**EXERCISE DETAILS**.
Skip the pictures and return every entry exactly as written.
************
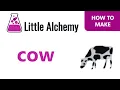 How to make a Cow in Little Alchemy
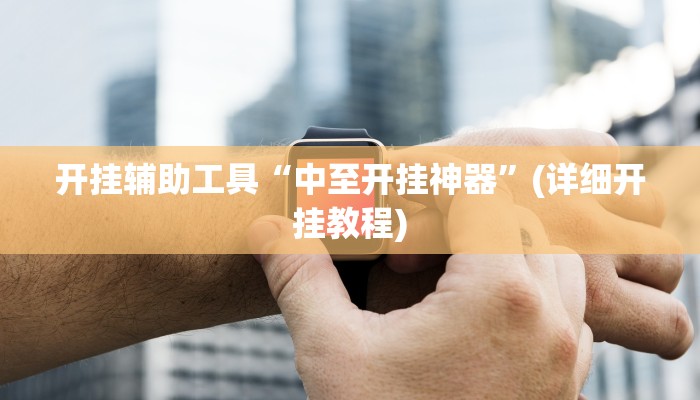 开挂辅助工具“中至开挂神器”(详细开挂教程)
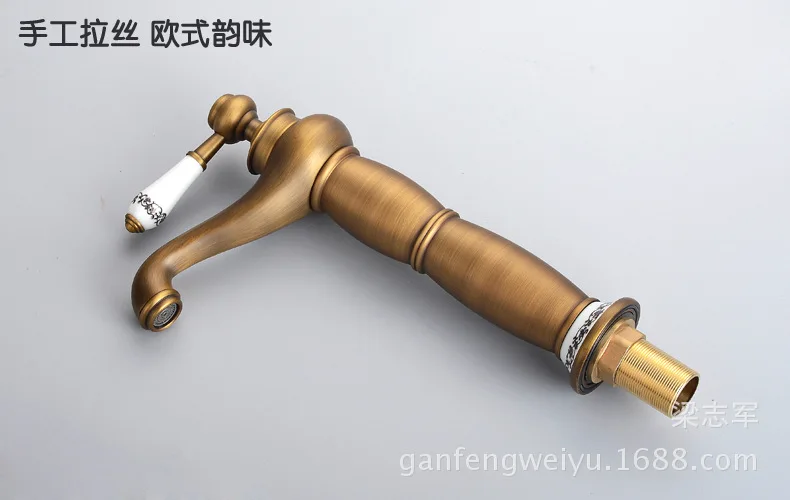

Antique porcelain counter basin faucet hole washbasin faucet hot and cold faucet heightening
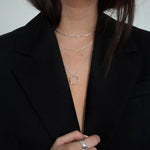 Collar abierto de tres hileras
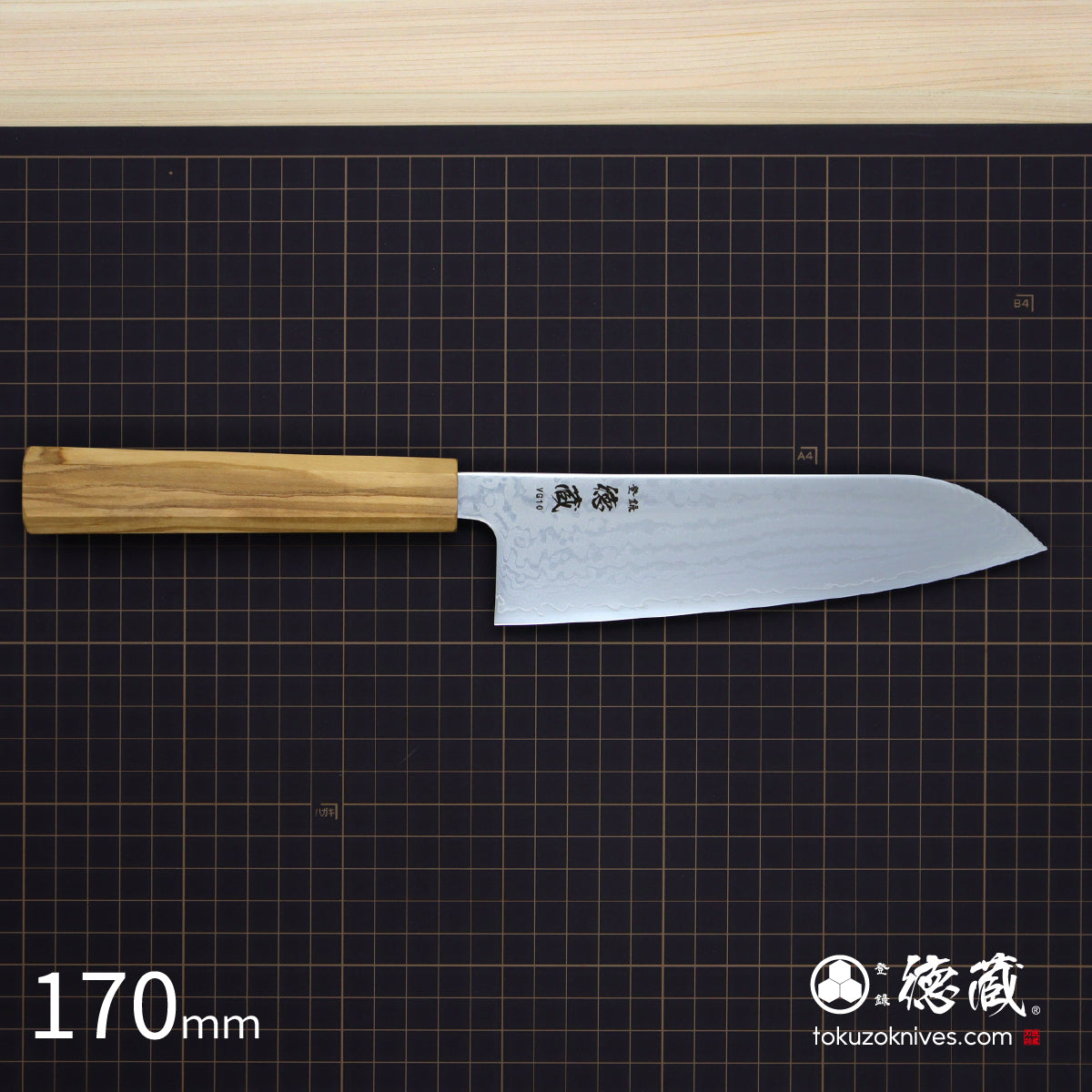 VG10 三徳包丁 ダマスカス オリーブ柄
************
**RESPONSE**.
 How to make a Cow in Little Alchemy
 开挂辅助工具“中至开挂神器”(详细开挂教程)

Antique porcelain counter basin faucet hole washbasin faucet hot and cold faucet heightening
 Collar abierto de tres hileras
 VG10 三徳包丁 ダマスカス オリーブ柄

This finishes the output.